Actor and Christian evangelist Kirk Cameron is under fire for a recent interview with CNN in which he described homosexuality as “unnatural” and “detrimental and ultimately destructive to so many of the foundations of civilization.” On the issue of gay marriage, he responded: “I would never attempt to redefine marriage and I don’t think anyone else should either.” Cameron defended his anti-gay sentiment, saying that he’s been accused of hate-speech and his opinion is being suppressed. He continued to say that his moral values have been “underpinning” Western Civilization for the past 2000 years, and that he shouldn’t have to bend his beliefs to the moral standards of “those who preach ‘tolerance'” or be silenced in the public square.
Is Mr. Cameron deserving of the immense criticism he has acquired over his comments? Is all this media attention necessary? One thing is for certain, he does have the right to say what he said even in the public square. The freedom to criticize religion also provides the freedom to express religious doctrine, a compromise we must all accept. In fact, to complain that his views are being suppressed is essentially a mute argument, since his comments can be easily accessed on sites such as Youtube for all to see and express their opinion. His critics also have every right to express their apprehension toward his beliefs; they feel that what he said was morally repugnant and frankly it is understandable. But then comes the ultimate question: who is right?
Parallel to the Southern States using the bible to justify slavery before the Civil War, Mr. Cameron believes he can biblically advocate why homosexuals should be denied the right to marry. The problem is that if you’re basing your morals on an ancient book that describes a certain group of people as “abominations” and “unnatural”, it’s not a good book to follow. Logically, a god who is concerned with your sexual orientation to the point where you will be tortured forever for practicing the wrong kind isn’t an all-loving god. Furthermore, there is no evidence to show that homosexuality is detrimental to an individual’s health or well-being, raising the question as to why we should ban it at all.

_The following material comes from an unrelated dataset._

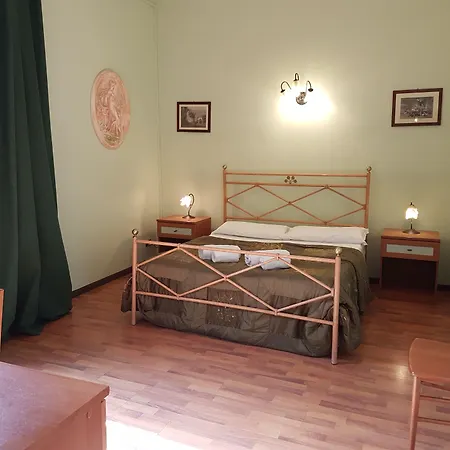 Hotel Biscari-3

He even goes so far as to say that it will destroy civilization, even though ancient societies such as Greece and Rome were quite acceptable of homosexuality and would become the most powerful and influential civilizations in Western history. In Rome’s strict patriarchal structure, it was acceptable for privileged males to engage in same-sex practices with those of a lower social rank as long as they were in the dominant position. In the Greek city-state of Sparta, “man-boy love” was encouraged as a means of military bonding. There also existed the island of Lesbos which was believed to be inhabited by masculine women who pleasured other women (hence the term “lesbian”).
The principles of democracy originated in these ancient times as well, not during the span of 2000 years that Mr. Cameron spoke so highly of. Much of those 2000 years were ruled by theocratic regimes that ultimately led to The Dark Ages, The Crusades, The Spanish Inquisition, and The Salem Witchcraft Trials to name a few. Later on came the Renaissance and the Enlightenment which gave rise to science, secularist values, and the belief that religion has no place in government. It is this social phenomena that led to the values of our society as we know them, not Christianity.
The fact of the matter is prejudice is never a good thing, even when supported by a relict compilation of writings revered as a holy book. What rational and practical reason is there for homosexuals not to marry? Why should it even matter what they do since according to Christian theology they are going to Hell anyway simply for being who they are? These are the questions that people should take into consideration about gay marriage. A case against it will always be welcome as long as it provides a good argument, while ignorant and uneducated statements deserve to be criticized and ridiculed, publically or otherwise. Such was the case for Kirk Cameron.